▸ **Material for this exercise**
────
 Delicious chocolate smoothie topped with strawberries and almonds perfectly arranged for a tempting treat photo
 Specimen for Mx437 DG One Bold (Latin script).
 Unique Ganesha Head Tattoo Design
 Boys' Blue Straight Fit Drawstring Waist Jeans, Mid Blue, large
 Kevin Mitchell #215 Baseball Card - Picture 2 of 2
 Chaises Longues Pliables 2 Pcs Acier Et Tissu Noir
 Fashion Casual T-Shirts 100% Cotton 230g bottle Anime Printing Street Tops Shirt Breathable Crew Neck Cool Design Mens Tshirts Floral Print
────
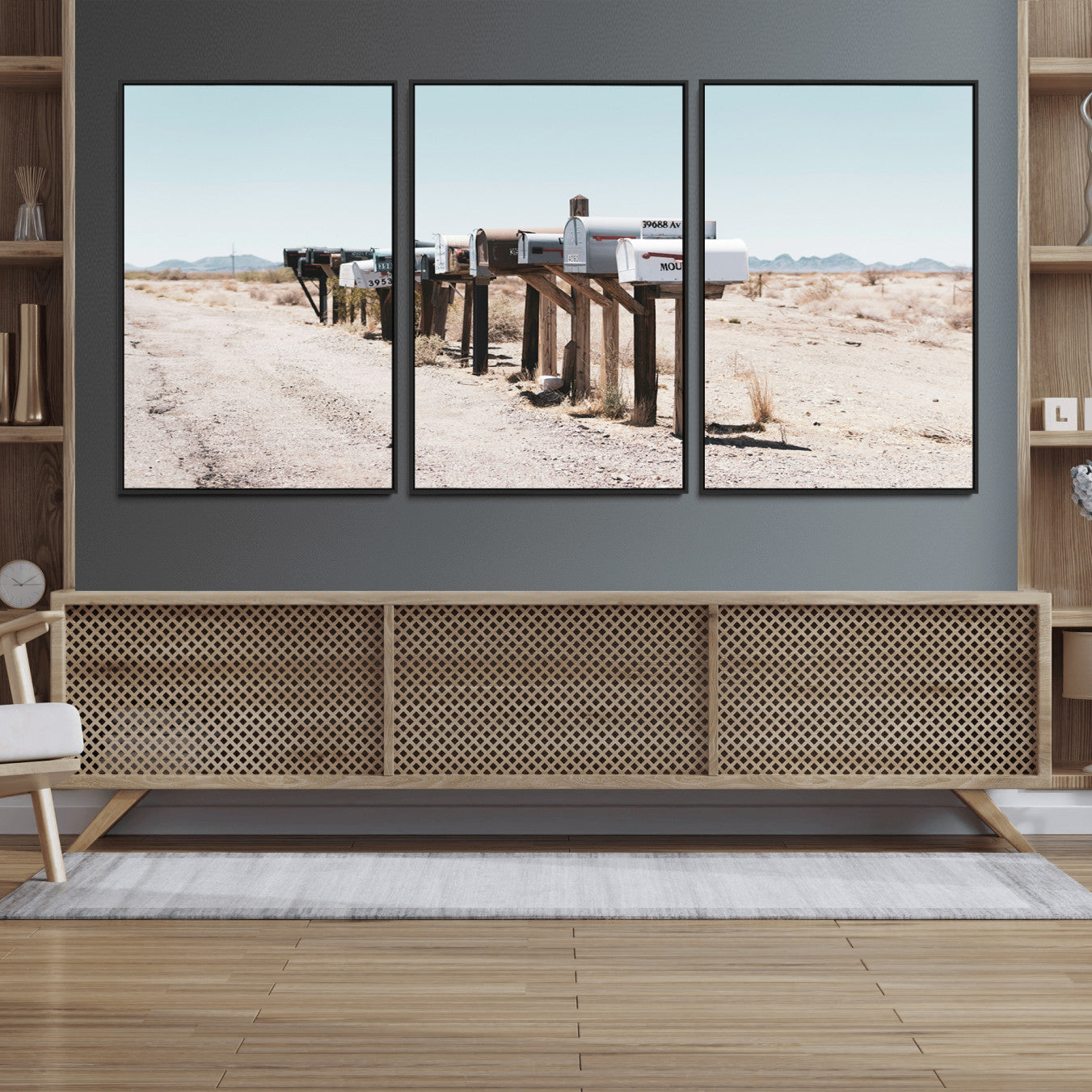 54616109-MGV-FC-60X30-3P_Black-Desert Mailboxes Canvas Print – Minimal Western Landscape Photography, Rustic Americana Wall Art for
────
▸ **How to complete this task**
Within the material above, the line with "Delicious chocolate smoothie" opens the range and the line with "Fashion Casual T-Shirts" closes it; reproduce that range word for word.

▸ **Answer to this problem**
 Delicious chocolate smoothie topped with strawberries and almonds perfectly arranged for a tempting treat photo
 Specimen for Mx437 DG One Bold (Latin script).
 Unique Ganesha Head Tattoo Design
 Boys' Blue Straight Fit Drawstring Waist Jeans, Mid Blue, large
 Kevin Mitchell #215 Baseball Card - Picture 2 of 2
 Chaises Longues Pliables 2 Pcs Acier Et Tissu Noir
 Fashion Casual T-Shirts 100% Cotton 230g bottle Anime Printing Street Tops Shirt Breathable Crew Neck Cool Design Mens Tshirts Floral Print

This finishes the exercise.